This directory contains example scripts and Jupyter notebooks demonstrating agribound's capabilities across different continents, satellite sources, and delineation engines.
- Install agribound with the required extras for the example you want to run:
conda create -n agribound python=3.12 rasterio geopandas fiona shapely pyproj -c conda-forge
conda activate agribound
pip install -e ".[all]"- For GEE-based examples (all except
10_local_tif_quickstart.pyand16_usa_usgs_naip_plus.py), authenticate with Google Earth Engine:
gcloud config set project YOUR_GEE_PROJECT
earthengine authenticate
agribound auth --project YOUR_GEE_PROJECTSee the GEE Setup guide for details.

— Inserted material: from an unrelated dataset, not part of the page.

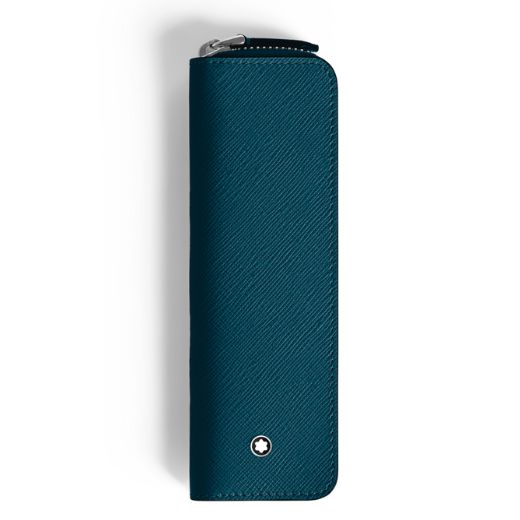 Sartorial Cyprus Blue Saffiano Leather Single Pen Pouch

All GEE-based examples require a --gee-project argument:
python examples/01_new_mexico_landsat_timeseries.py --gee-project YOUR_GEE_PROJECTThe local TIF and USGS NAIP Plus examples do not require GEE:
python examples/10_local_tif_quickstart.py
python examples/16_usa_usgs_naip_plus.pyInteractive notebook versions are available in the notebooks/ directory. Set the GEE_PROJECT variable in the first code cell of each notebook before running:
cd examples/notebooks
jupyter labOutputs (GeoPackage files and HTML maps) are saved to outputs/<example_name>/.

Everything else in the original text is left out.